Many in the disability justice movement were also critical of an emphasis on rights without a broader examination of systems of oppression (for example, the right to an education does not mean that all education is equitable).

Writer and activist Audre Lorde is frequently referenced as inspirational to the disability justice movement, for works such as her essay "A Burst of Light: Living with Cancer", which addresses disability, illness, and racial justice, emphasizing that "We do not live single issue lives". Writers such as Catherine Jampel have emphasized the importance of disability justice to an intersectional reexamination of environmental justice.
Writers such as Jina B. Kim draw upon disability justice and "crip-of-color" critiques in an attempt to develop an intersectional critical disability methodology which emphasizes that all lives are "enriched, enabled, and made possible" through a variety of means of support.
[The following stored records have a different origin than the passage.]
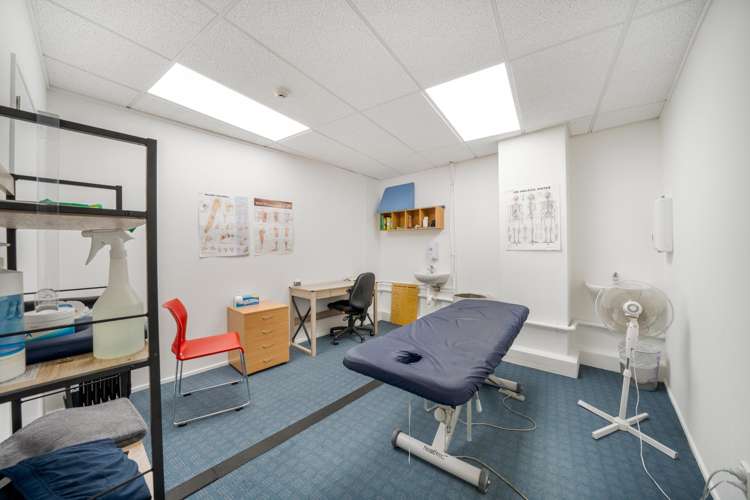 8/92 Queens Drive Hutt Central_18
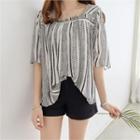 Square-neck Elbow-sleeve Pattern Top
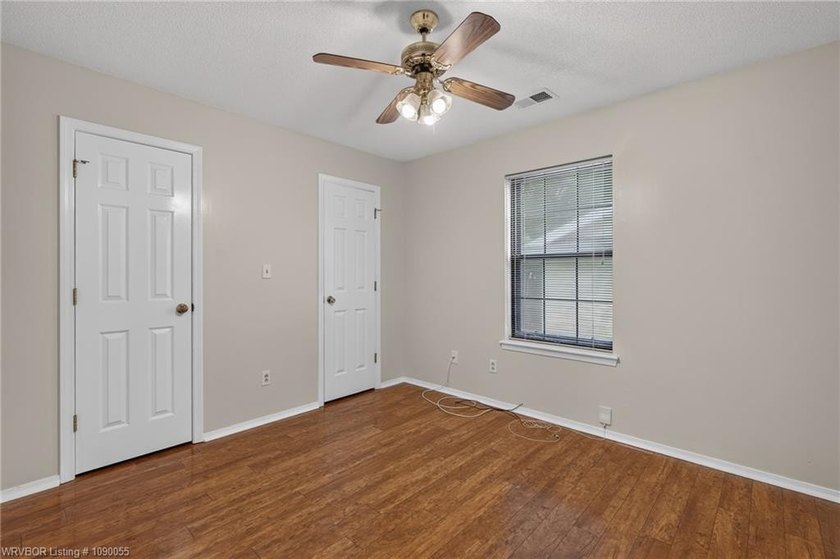 Traditional design and timeless style is what you'll love about - photo 22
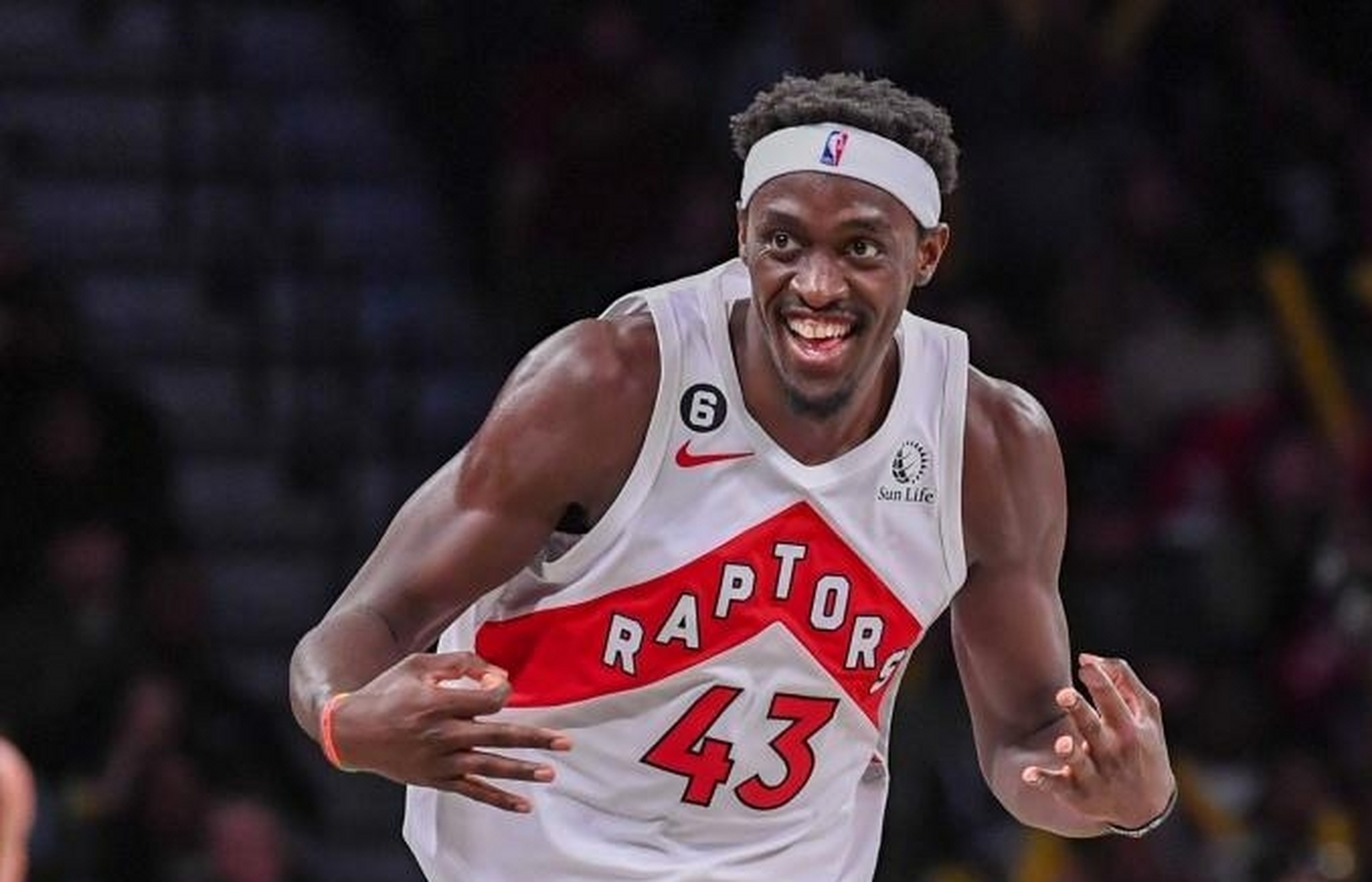 关于猛龙客场大胜老鹰，联盟第一宝座仍稳固的信息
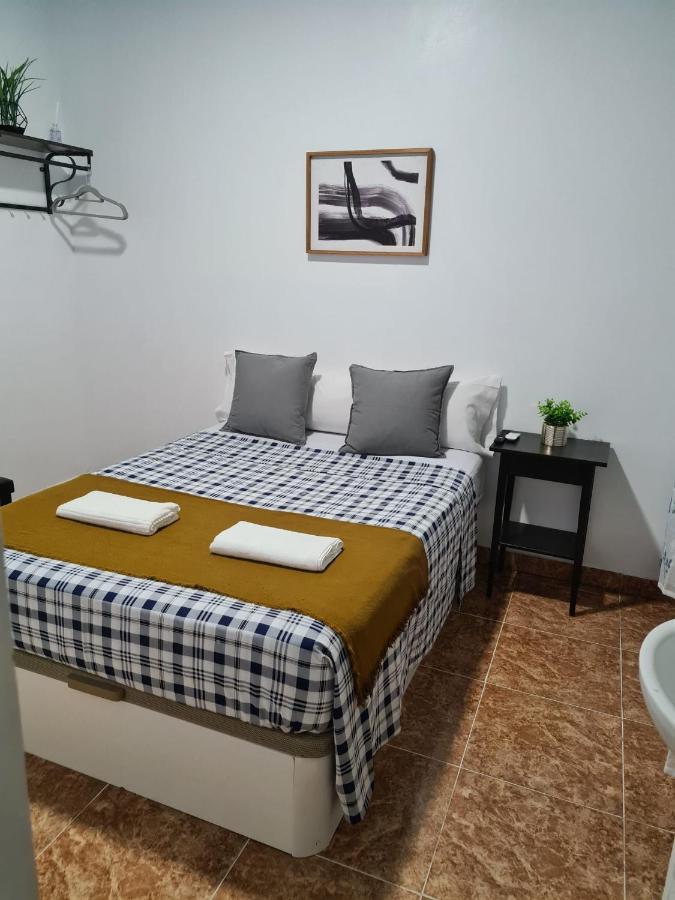 Guest house M-a Catrachos *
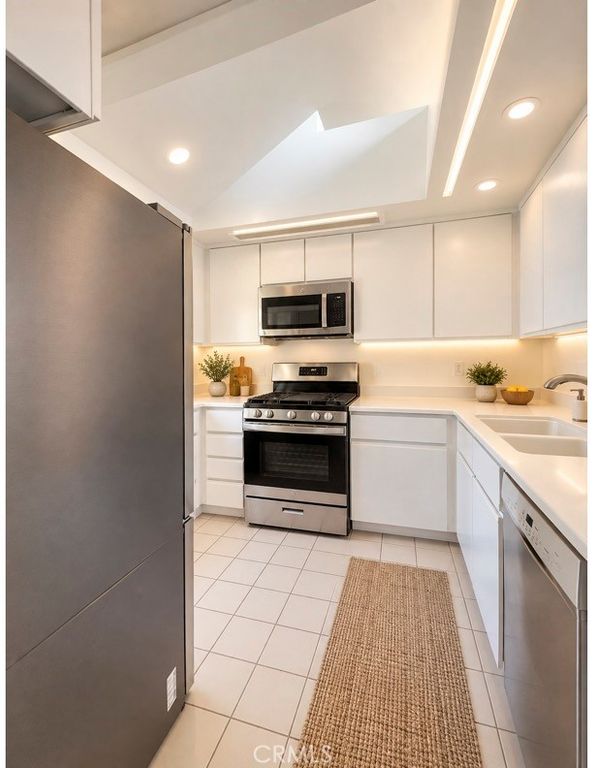 9 Brisa Ribera, Rancho Santa Margarita, CA 92688 — photo 4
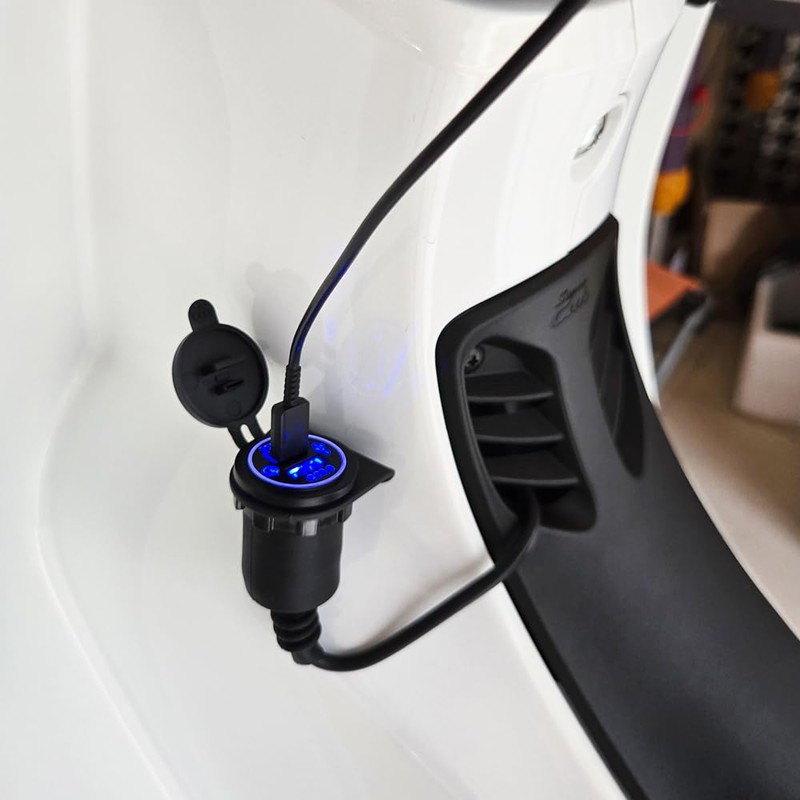 Quick Charger USB Power Kit for Honda SuperCab 50 Pro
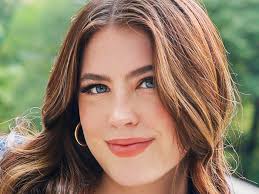 Media Kit an Influencer Used to Get Deals With Amazon, Tinder, TikTok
== Healthcare and Disability Justice ==

=== Medical Ableism ===
Medical ableism refers to the systemic and interpersonal biases within healthcare systems that result in the marginalization, misdiagnosis, or inadequate care of disabled people. From a disability justice perspective, medical ableism is not simply the result of ignorance or outdated practices but is rooted in structural inequities that devalue disabled lives, particularly those of people who are also marginalized by race, gender, class, or sexuality.

Disability justice advocates emphasize that traditional medical models often frame disability as a problem to be cured or eliminated, rather than a valued identity or variation of human experience. This perspective can lead to what scholars and activists describe as diagnostic overshadowing, where healthcare providers overlook or dismiss health concerns because of a patient's disability status. It also manifests in inaccessible medical equipment, exclusionary research practices, and assumptions about quality of life that influence decisions about treatment, reproduction, and end-of-life care.

Disability justice critiques medical gatekeeping and instead calls for healthcare systems that prioritize interdependence, informed consent, and community knowledge. The framework challenges deeply ingrained beliefs about normalcy and productivity that underlie medical discrimination, particularly for multiply-marginalized disabled people—including Black, Indigenous, and people of color, LGBTQ+ individuals, and those with intellectual or psychosocial disabilities.

This critique extends to public health, where policies and crisis responses have often deprioritized disabled people, as seen during the COVID-19 pandemic. Disability justice organizers highlighted triage protocols that explicitly or implicitly deemed disabled lives less worthy of medical resources, drawing connections between ableism, eugenics, and structural racism.